Gov. Lou Leon Guerrero dreaded Bill 12-37, a straightforward measure with a clear end: just show us the lease and tell us what you’re doing. Somehow, the bill got muddled in the quagmire of politics, often interpreted beyond its actual intent, creating political animosity. The governor feared it would pose a stumbling block to the construction of a new medical campus, her signature project that she hopes to stamp as her legacy.
Her attempt to railroad the signing of the lease agreement with the Navy by passing over the legislature only caused the Eagles Field transaction to hit a snag. Wait a minute! That’s not how things are done, Attorney General Douglas Moylan reminded her. The governor should know better. There’s a new eagled-eyed attorney general in town, who won’t acquiesce to anyone’s political whims.
At the Guam legislature, Speaker Therese Terlaje finally managed to convince her colleagues to take another look at Bill 12-37 and vote to override the governor’s veto of the measure.
Now a public law, Bill 12-37 mandates the governor to unfurl the lease and allow legislative and public scrutiny. Transparency is a timeless concept of democracy, after all.
Any attempt by the governor to further challenge this would only stagnate the project’s progress. We are a litigious community. A questionable contract is likely to be taken to court, where the case may languish for many long years. Guam is a veteran of watching legal histrionics. The case might stretch out well beyond Gov. Leon Guerrero’s term in Adelup. In which case, she might just miss the credit she is aspiring for.

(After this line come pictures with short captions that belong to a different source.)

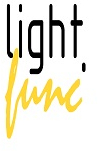 Light Func Logo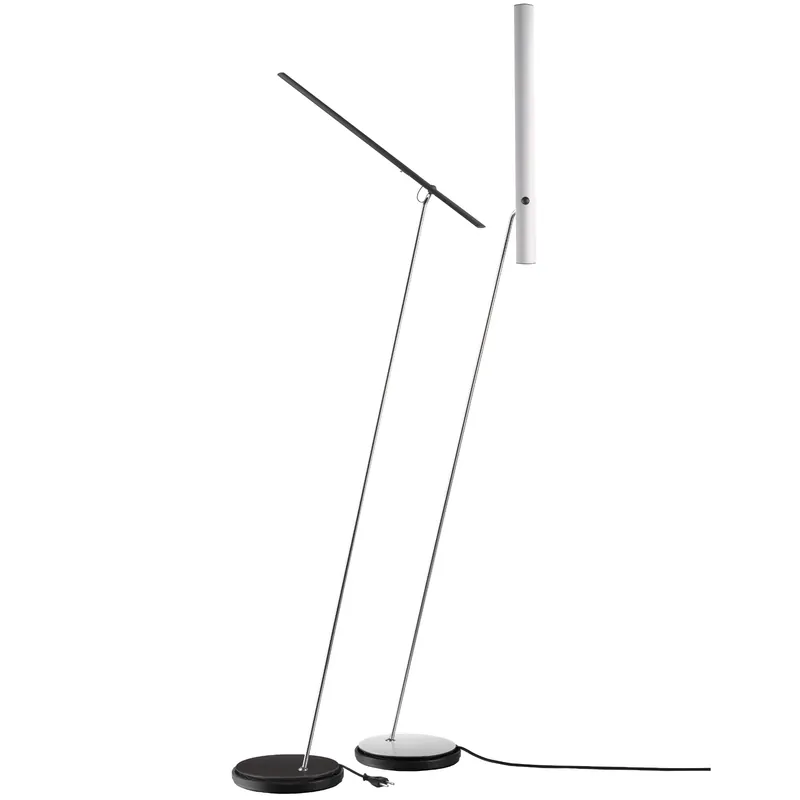 LET S von baltensweiler Angebot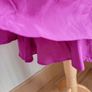 Zara, River Island Dresses size 10/12 Image 7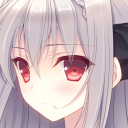 LunaTranslator翻译器下载v10.16.0.8 -Galgame游戏翻译工具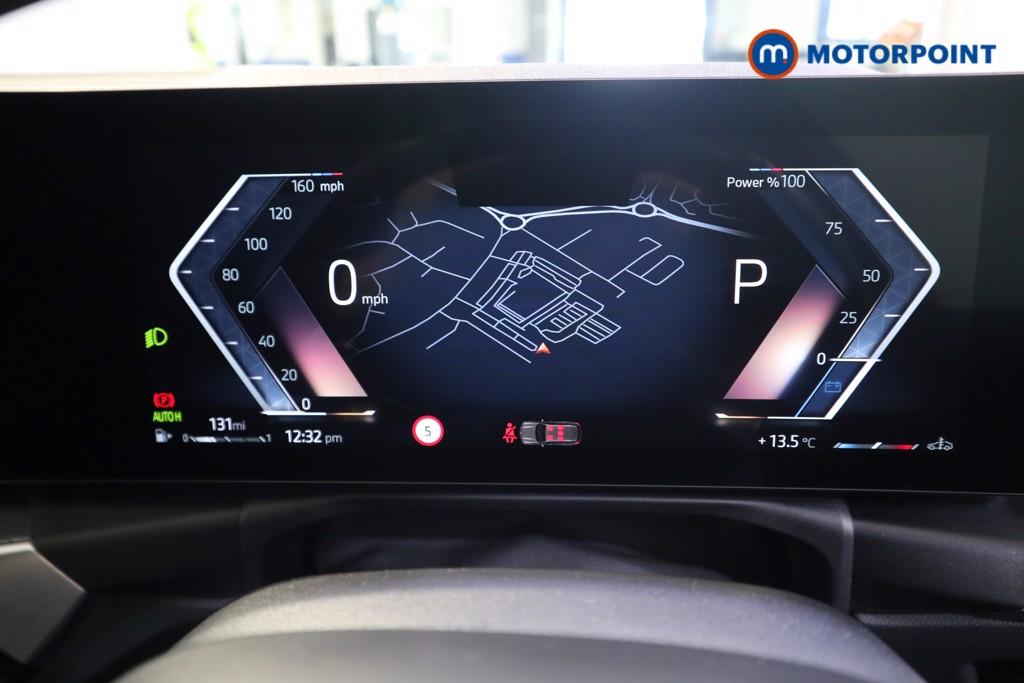 Used BMW 3 Series 2024 for sale - 76895663: Photo 14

We don’t really see any clear reason for the Navy to pressure the government of Guam into signing the lease based on its extreme deadline of one month. After all, the military has already agreed to lease the property to the local government.
We need to build a new medical facility on Guam. There’s no question about it. And no one can question Speaker Terlaje’s persistent demand to let the people of Guam know what is being signed on their behalf. Elected officials have limited terms in office. Any lingering consequences that may result from an unexamined transaction are burdens that will be shouldered by future generations, who don’t have the luxury to say, “Nope, not my problem.”
While the governor explained that the revised lease commits federal money for the first month’s rent, it is not clear where the succeeding payments would come from. If in the end, we the taxpayers are bound to inherit the rest of the 99-year obligation, we must know what we are paying for.
Bill 12-37 is founded on an existing law— upheld by the courts— that mandates legislative approval for any property leases beyond five years.
The 99-year lease for a $1 billion project will be inspected and questioned. The process might get derailed or face gridlock. But that is the nature of democracy. This system of governance entails adequate checks and balances to protect the people from governmental excess. We learned this in civics class, but people we elect in office need constant reminders.
Openness and transparency are fundamental components to build accountability and public trust, which are imperative in the functioning of democracies.